┌─ Exercise inputs

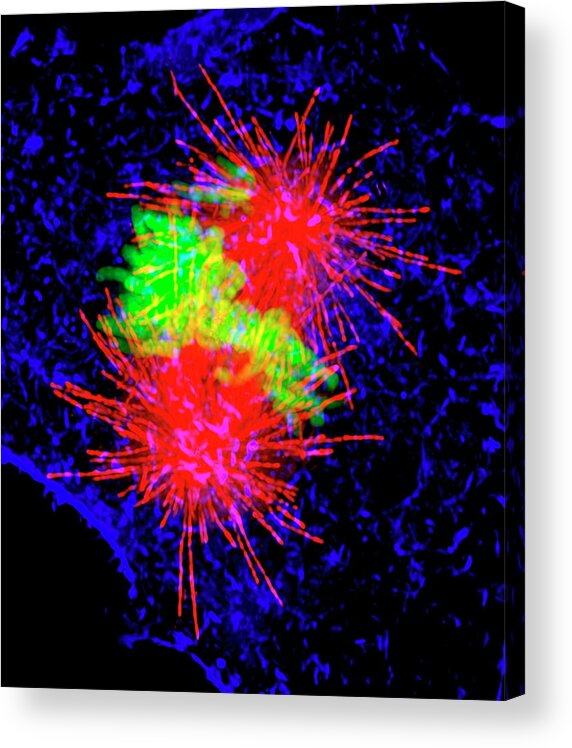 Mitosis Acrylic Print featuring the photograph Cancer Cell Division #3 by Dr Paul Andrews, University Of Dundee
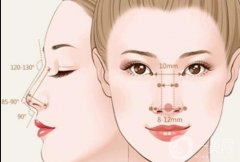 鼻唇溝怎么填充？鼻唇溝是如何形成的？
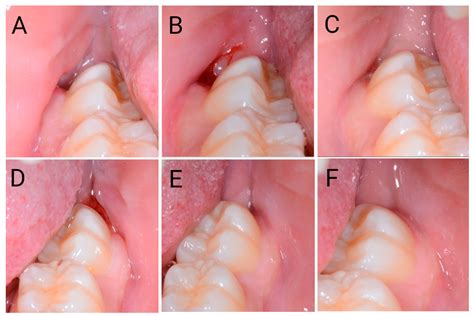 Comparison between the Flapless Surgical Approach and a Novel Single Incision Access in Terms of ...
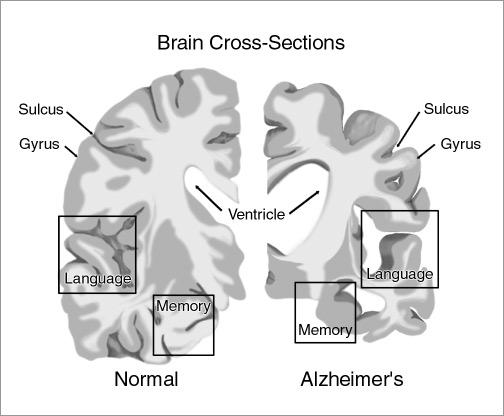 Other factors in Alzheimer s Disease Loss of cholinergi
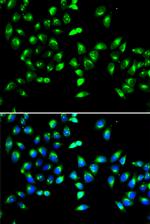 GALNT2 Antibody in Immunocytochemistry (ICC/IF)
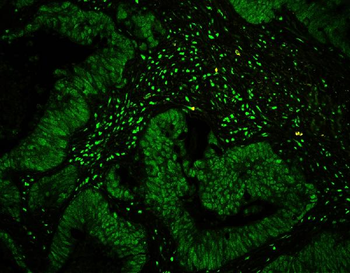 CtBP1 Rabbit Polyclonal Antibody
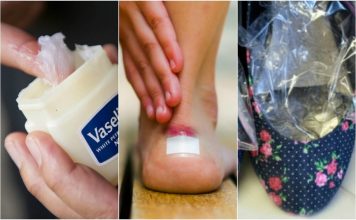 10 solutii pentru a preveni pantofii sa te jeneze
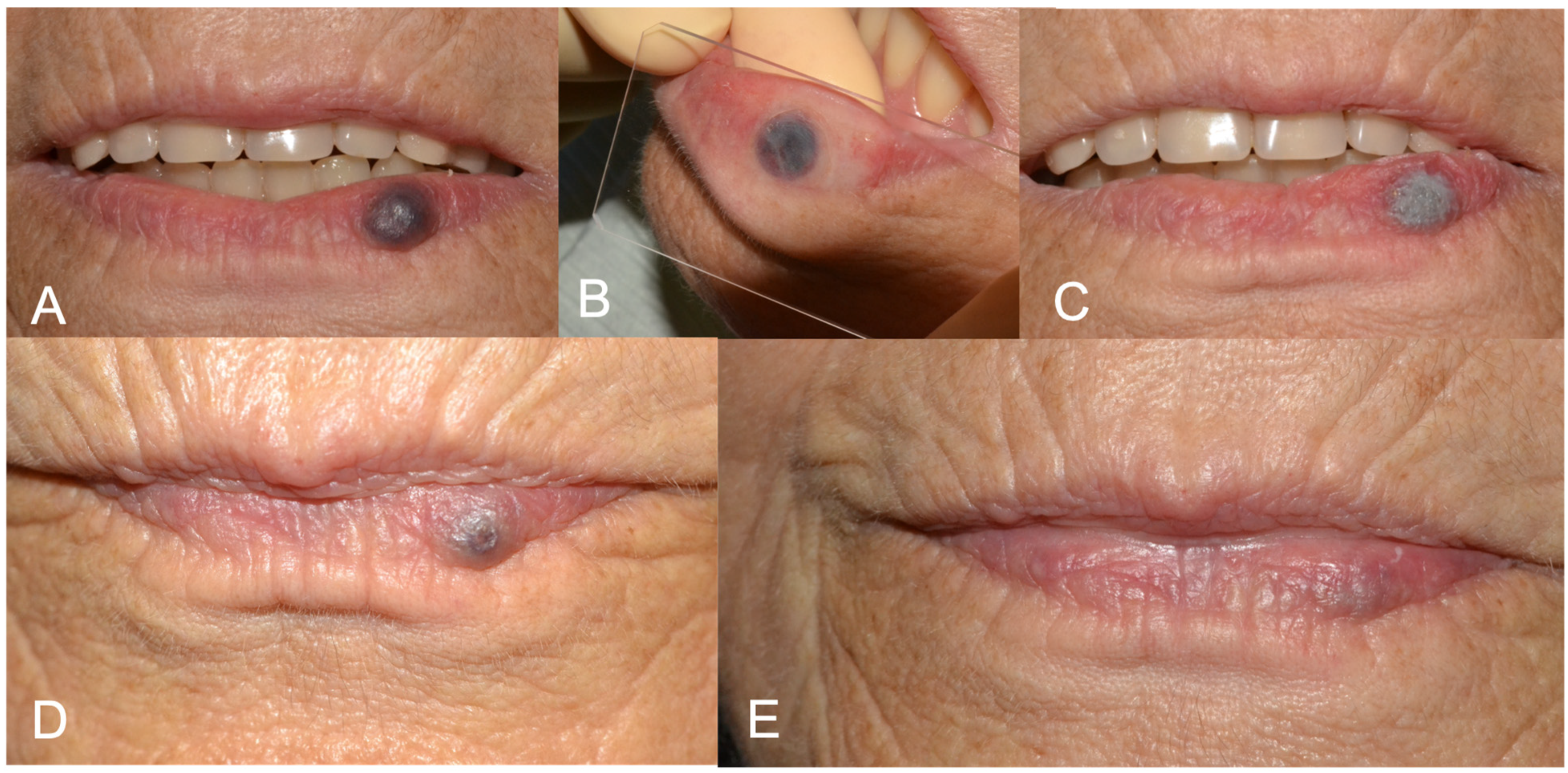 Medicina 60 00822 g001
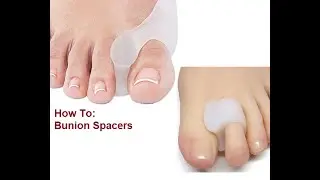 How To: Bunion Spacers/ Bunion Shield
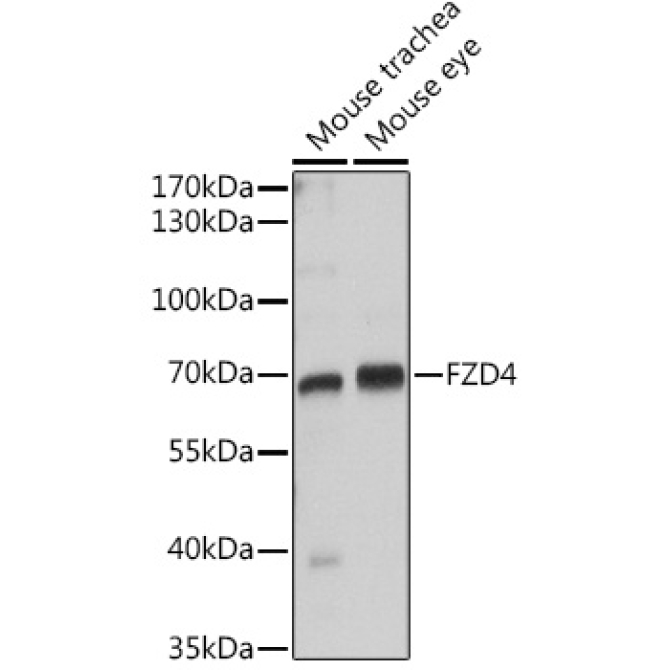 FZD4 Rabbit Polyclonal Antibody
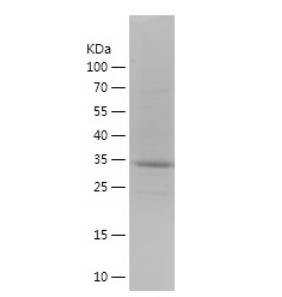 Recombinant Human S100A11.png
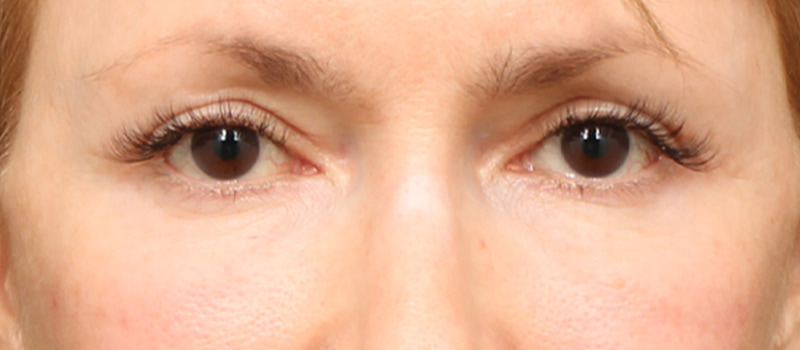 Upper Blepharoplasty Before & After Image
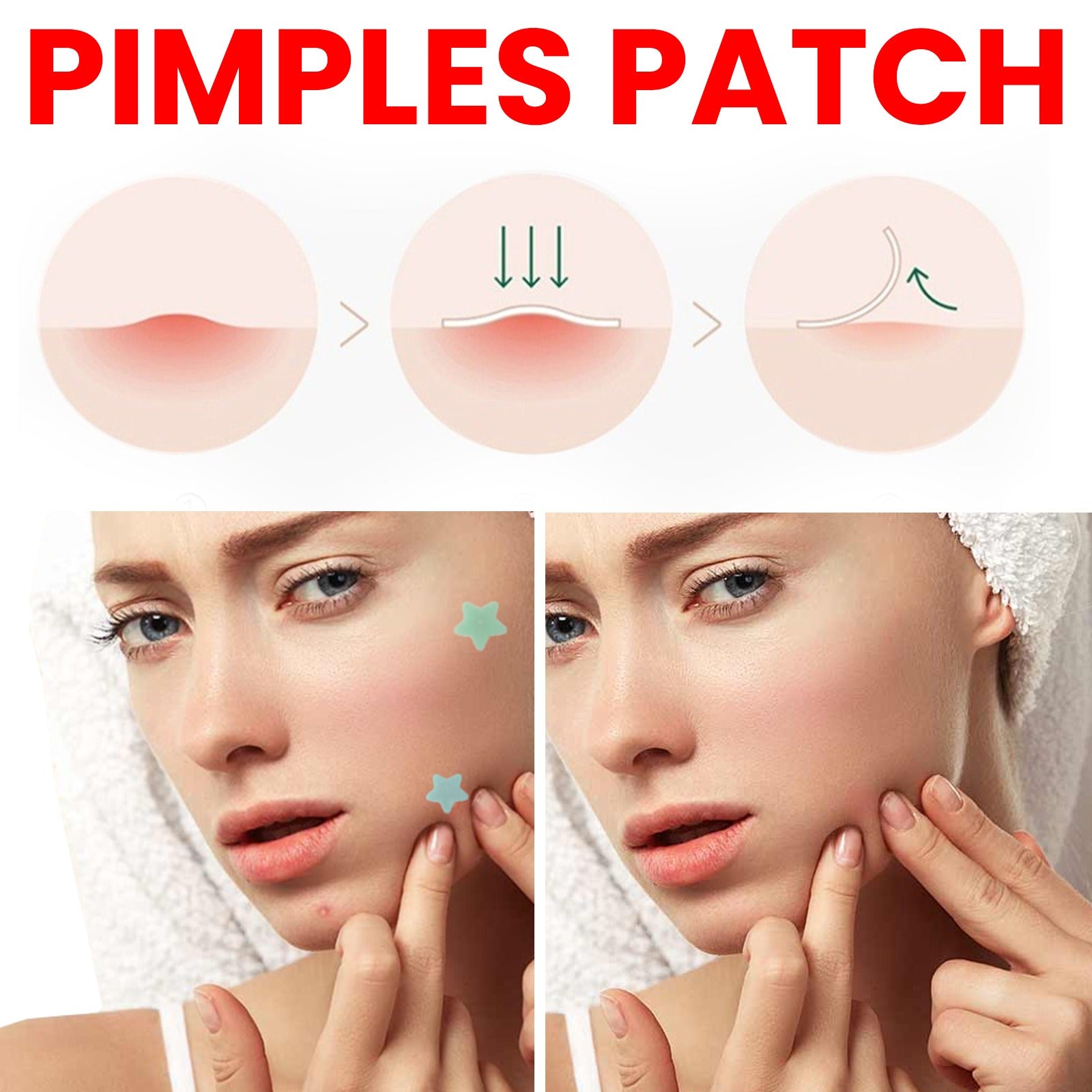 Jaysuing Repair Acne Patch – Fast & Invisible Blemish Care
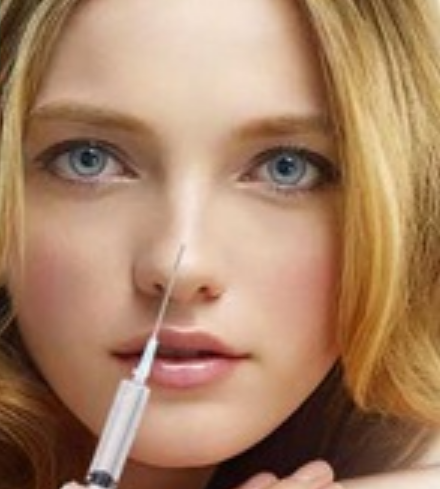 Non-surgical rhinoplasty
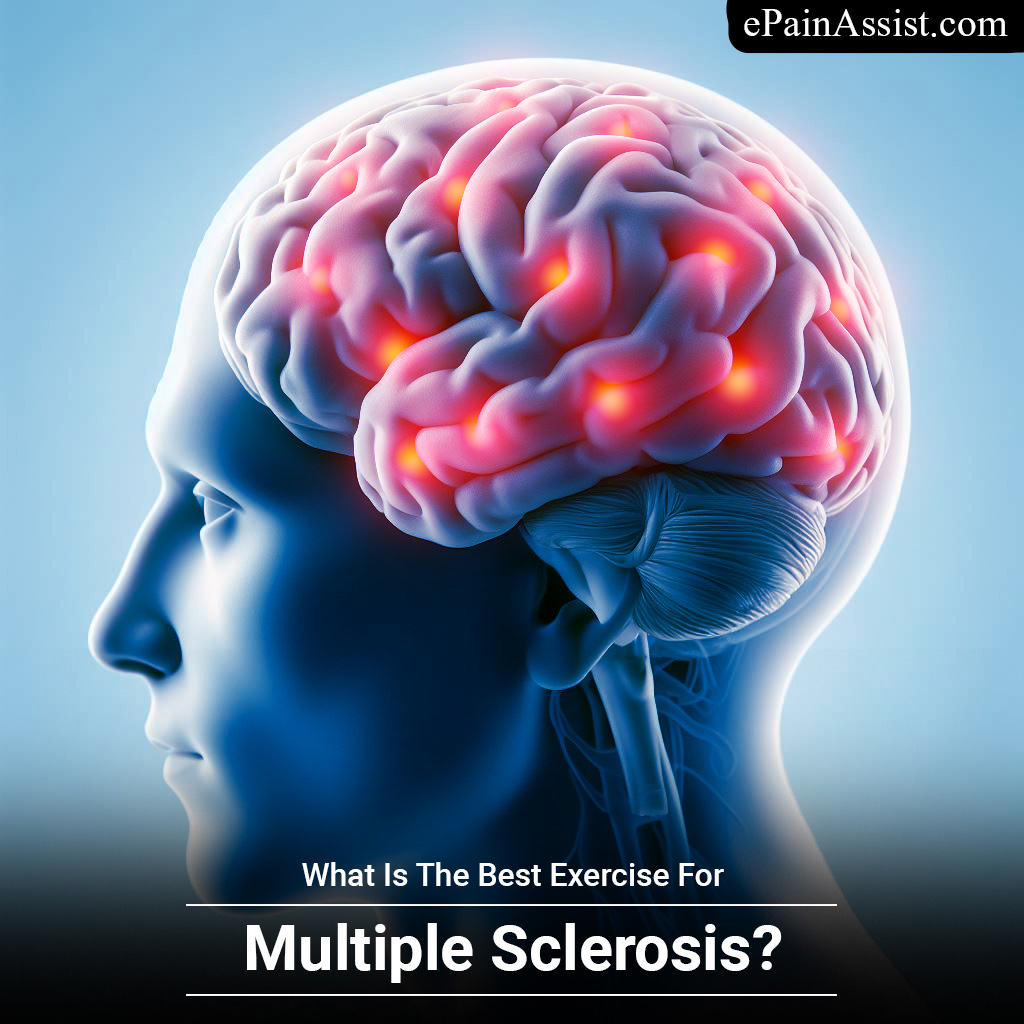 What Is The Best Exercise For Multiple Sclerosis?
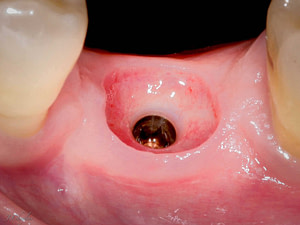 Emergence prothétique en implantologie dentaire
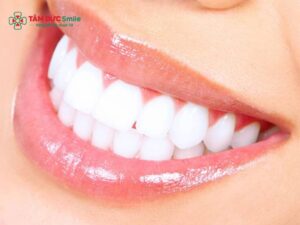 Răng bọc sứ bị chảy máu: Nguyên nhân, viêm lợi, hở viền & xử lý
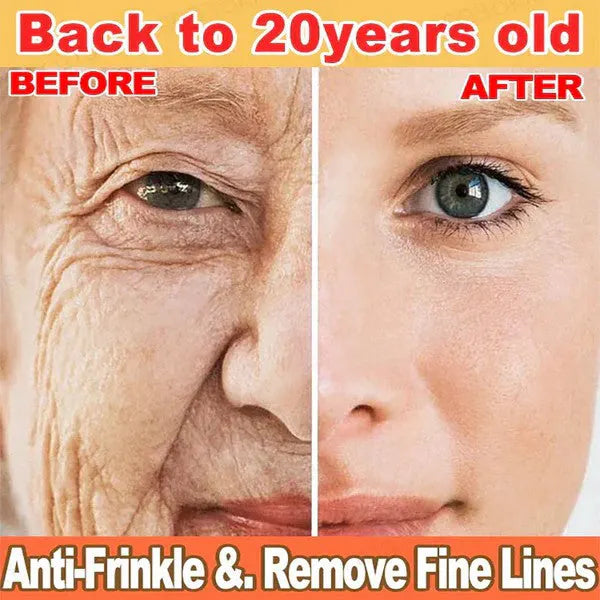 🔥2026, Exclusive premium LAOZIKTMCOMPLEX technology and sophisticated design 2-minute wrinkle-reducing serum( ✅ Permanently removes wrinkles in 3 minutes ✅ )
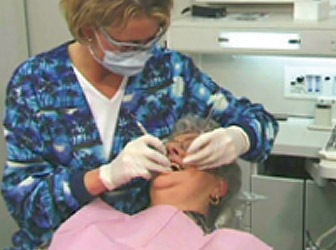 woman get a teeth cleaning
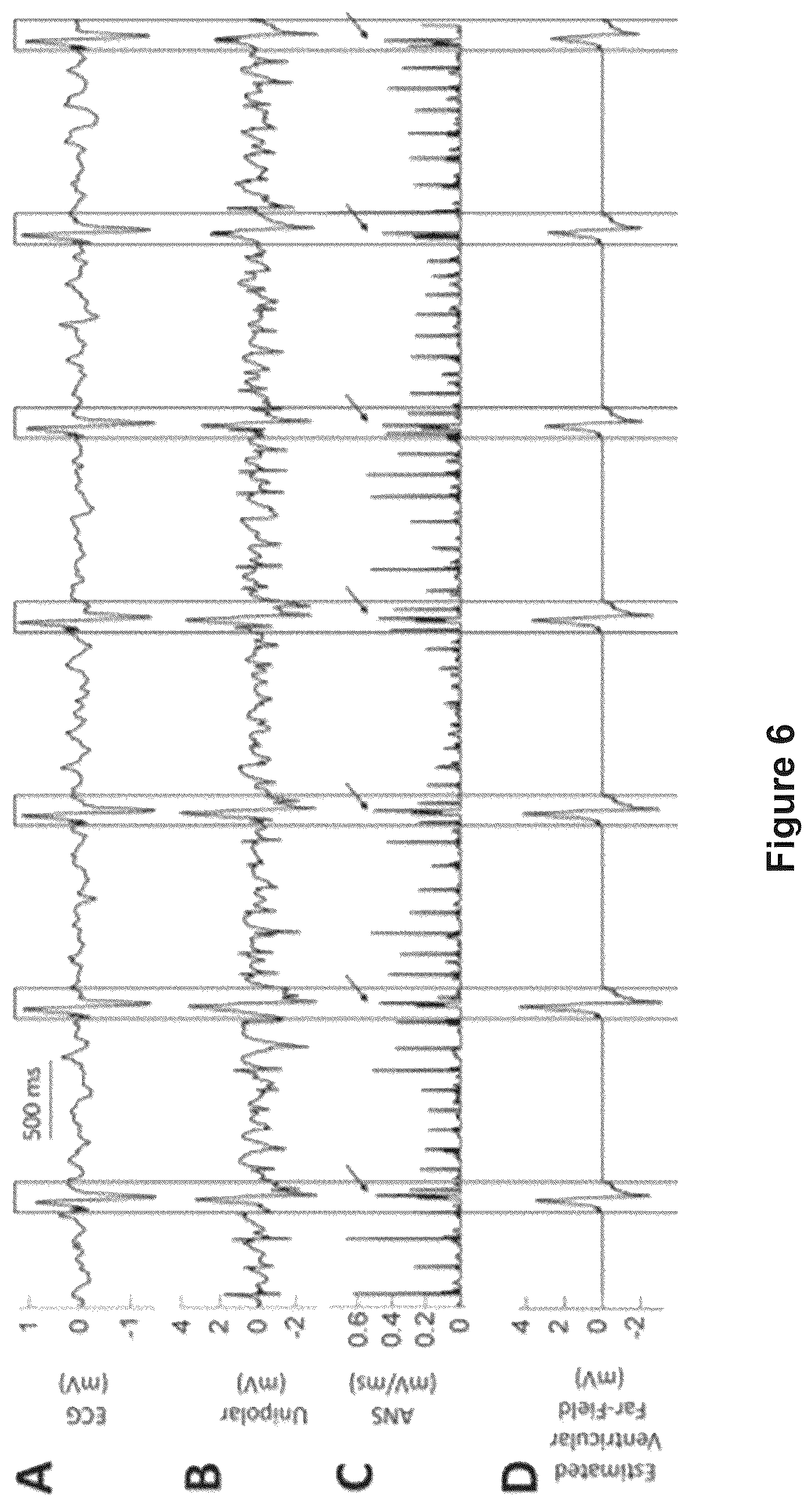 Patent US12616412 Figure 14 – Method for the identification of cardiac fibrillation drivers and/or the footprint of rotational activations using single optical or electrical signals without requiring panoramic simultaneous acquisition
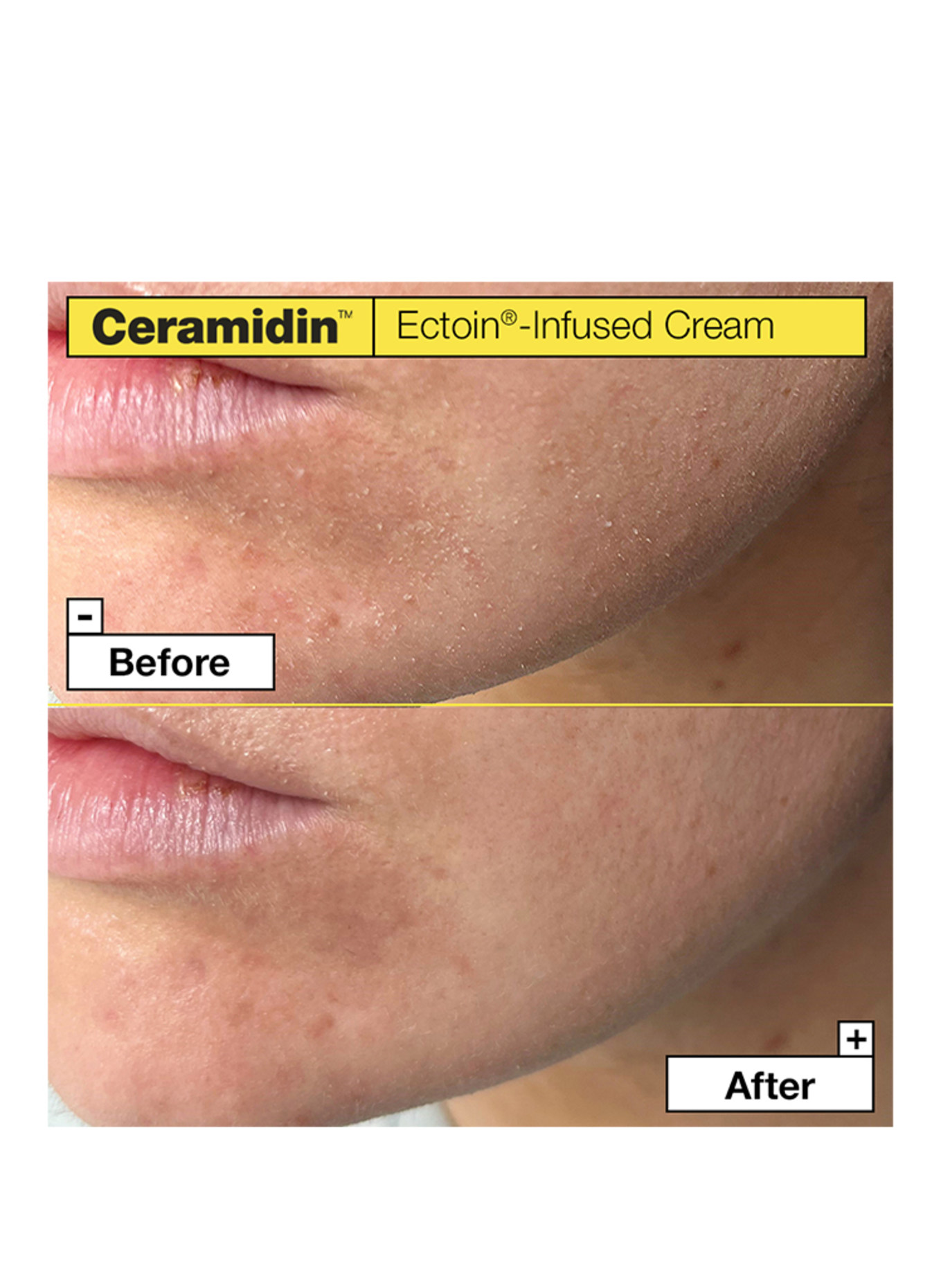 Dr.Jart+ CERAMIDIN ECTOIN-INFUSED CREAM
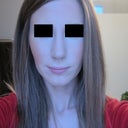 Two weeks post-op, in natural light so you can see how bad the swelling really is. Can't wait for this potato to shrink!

└─

Work request: What you output must match the data exactly, apart from the pictures, which are left out.

Solution to the problem:
 Mitosis Acrylic Print featuring the photograph Cancer Cell Division #3 by Dr Paul Andrews, University Of Dundee
 鼻唇溝怎么填充？鼻唇溝是如何形成的？
 Comparison between the Flapless Surgical Approach and a Novel Single Incision Access in Terms of ...
 Other factors in Alzheimer s Disease Loss of cholinergi
 GALNT2 Antibody in Immunocytochemistry (ICC/IF)
 CtBP1 Rabbit Polyclonal Antibody
 10 solutii pentru a preveni pantofii sa te jeneze
 Medicina 60 00822 g001
 How To: Bunion Spacers/ Bunion Shield
 FZD4 Rabbit Polyclonal Antibody
 Recombinant Human S100A11.png
 Upper Blepharoplasty Before & After Image
 Jaysuing Repair Acne Patch – Fast & Invisible Blemish Care
 Non-surgical rhinoplasty
 What Is The Best Exercise For Multiple Sclerosis?
 Emergence prothétique en implantologie dentaire
 Răng bọc sứ bị chảy máu: Nguyên nhân, viêm lợi, hở viền & xử lý
 🔥2026, Exclusive premium LAOZIKTMCOMPLEX technology and sophisticated design 2-minute wrinkle-reducing serum( ✅ Permanently removes wrinkles in 3 minutes ✅ )
 woman get a teeth cleaning
 Patent US12616412 Figure 14 – Method for the identification of cardiac fibrillation drivers and/or the footprint of rotational activations using single optical or electrical signals without requiring panoramic simultaneous acquisition
 Dr.Jart+ CERAMIDIN ECTOIN-INFUSED CREAM
 Two weeks post-op, in natural light so you can see how bad the swelling really is. Can't wait for this potato to shrink!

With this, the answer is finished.